At the moment, there are 14 reduced sentences for sexual abuse in Spain, with most of the cases in Madrid.
The controversy arises from the fact that the new law removes the distinction between sexual abuse and sexual aggression, experts say.
Sexual aggression involved the use of violence or intimidation while sexual abuse implied other types of means, explains José Luis Díez Ripollés, professor of Criminal Law at the University of Málaga.
"This new law was made to give more importance to the role of consent. So, regardless of whether violence or intimidation is used or not, all behaviour that is not consensual must be condemned in the same way," Díez told Euronews.
"By putting assault and abuse together in the same offence, they have tried to find a middle ground for the penalties," he added.

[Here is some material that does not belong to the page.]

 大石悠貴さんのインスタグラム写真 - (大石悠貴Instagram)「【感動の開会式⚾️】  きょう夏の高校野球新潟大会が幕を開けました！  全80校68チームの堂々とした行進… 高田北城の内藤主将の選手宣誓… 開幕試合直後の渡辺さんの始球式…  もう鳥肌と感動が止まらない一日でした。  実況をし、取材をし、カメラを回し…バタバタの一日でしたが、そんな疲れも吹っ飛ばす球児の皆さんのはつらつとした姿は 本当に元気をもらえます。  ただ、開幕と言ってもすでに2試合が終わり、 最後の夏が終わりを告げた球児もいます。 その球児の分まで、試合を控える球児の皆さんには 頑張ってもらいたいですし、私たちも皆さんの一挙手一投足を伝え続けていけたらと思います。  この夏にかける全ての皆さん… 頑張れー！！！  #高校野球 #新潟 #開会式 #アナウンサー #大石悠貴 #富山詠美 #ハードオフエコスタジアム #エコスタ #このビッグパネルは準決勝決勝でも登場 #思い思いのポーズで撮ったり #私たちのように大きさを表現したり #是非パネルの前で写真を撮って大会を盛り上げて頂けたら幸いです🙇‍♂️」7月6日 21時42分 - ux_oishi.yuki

"As they could not use the penal framework for assaults because it was too harsh for sexual abuse and they could not use the one for sexual abuse because it was too light for assaults, they decided to put the maximum limit for assaults with the minimum for abuse," he said.
The result has been a wide range of sentences from just a fine in the lightest cases to 15 years in prison for the most serious ones, by lowering the minimum sentences and increasing the maximum ones.

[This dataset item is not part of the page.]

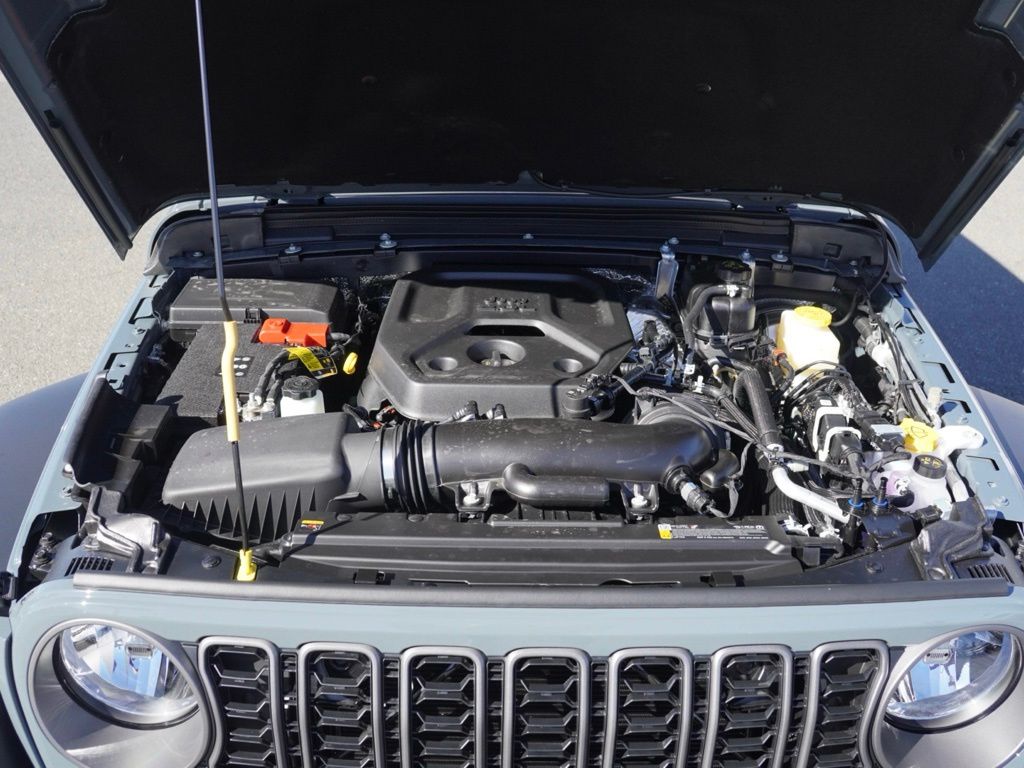 New 2026 Anvil Clear-Coat Exterior Paint Jeep 4-Door Sport S image 28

Sexual assault with penetration, which was punished with a minimum of six years in prison, is now punishable by four years.
"The decision to combine assault and abuse together was technically defective. We warned about this before the law was passed," said Díez.

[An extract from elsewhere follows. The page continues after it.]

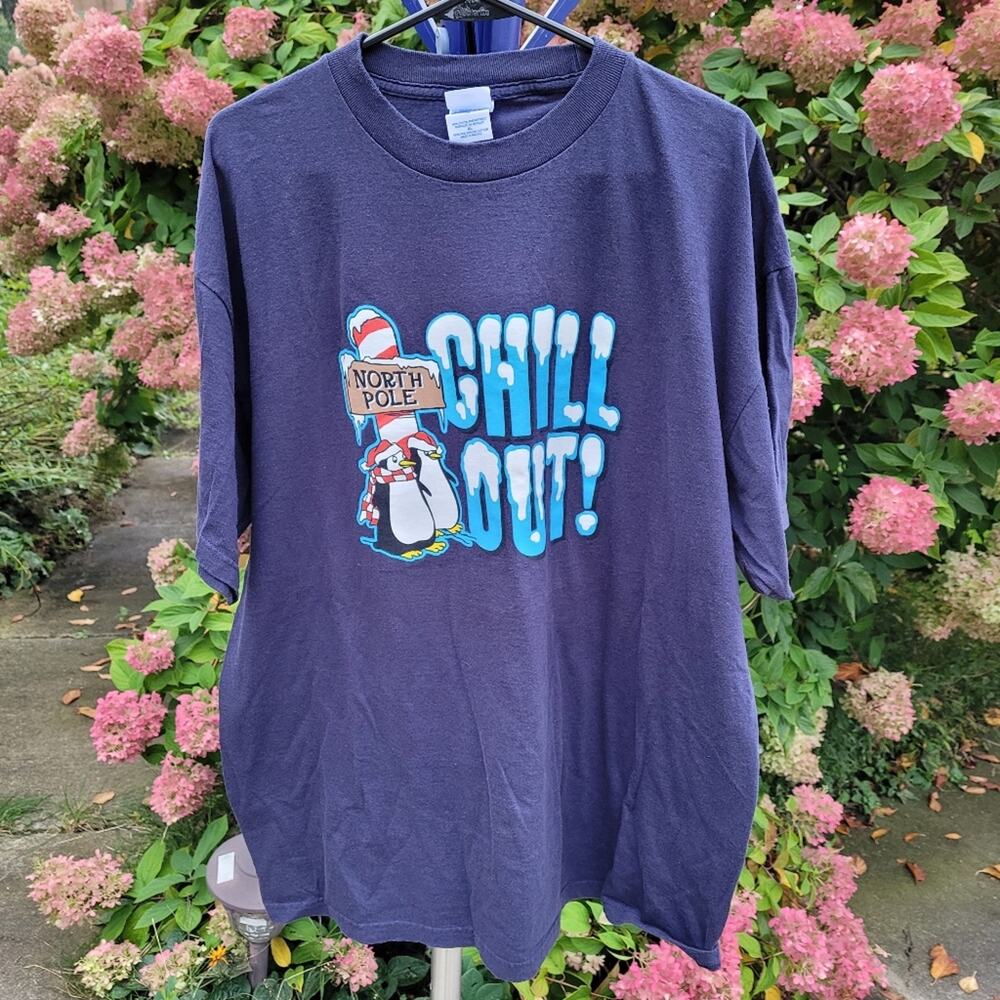 Chill Out North Pole Penguin Navy T-shirt size XL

"It was a mistake. The old law was very well drafted. But this has been an ideological reform in which they did not take into account how the Criminal Code works," he added.
Can the courts stop this?
According to Manuel Cancio Meliá, Professor of Criminal Law at the Autonomous University of Madrid, a person who has already been convicted, even if they were sentenced, should not have past laws applied to them unless it benefits their case.
"This is why cases in which the sentence has been reduced must now be reviewed. Spanish courts must do this ex officio or at the request of the convicted person, even if he or she is already serving the sentence," he told Euronews.
Cancio Meliá argues that the courts are doing this in a very mechanical way.
"They have to look at the case properly. This law is a mixture of offences that were previously separate, so they should look carefully at what happened in each case," he added.
"It shouldn't be argued that, because the article is the same but the sentencing is more lenient, courts should review all cases."
Yet courts face a difficult task because while they can interpret laws, they cannot reinterpret the facts by adding aggravating circumstances or maintaining a sentence that exceeds the limit imposed by the new law.
"Criminal law works according to certain rules, and we judges have to comply with those rules because we understand that if laws evolve, it is because society has evolved," said Roig, spokesperson at Judges for Democracy.
Spain's equality ministry however has blamed the actions of judges.
Minister Irene Montero said the reduction of sentences is due to judges "breaking the law" as a result of "machismo" and defended the effectiveness of the original text.
"This is not because we judges are sexist, nor because the law has a crack in it," counters Roig.
"If the image of those who have to protect the victims, who are the judges, is tarnished in this way, the only thing they will achieve is that the victims will not come forward to denounce (sexual violence)," argued the spokesperson in reference to the minister's statements, which were widely criticised.
"The law has gone through the entire parliamentary process and no amendments were made. The legislator has decided and we have to apply it," she added.
The decision is now in the hands of the Supreme Court, where several appeals of sexual offence sentences requesting that Spain's new law be taken into account have been tabled.
The tribunal is expected to rule in the coming weeks on how the new law affects cases tried under the previous legislation and its decision will set the path for the High Courts and Provincial Courts.
The aim is to unify the criteria for some cases and avoid disparate rulings.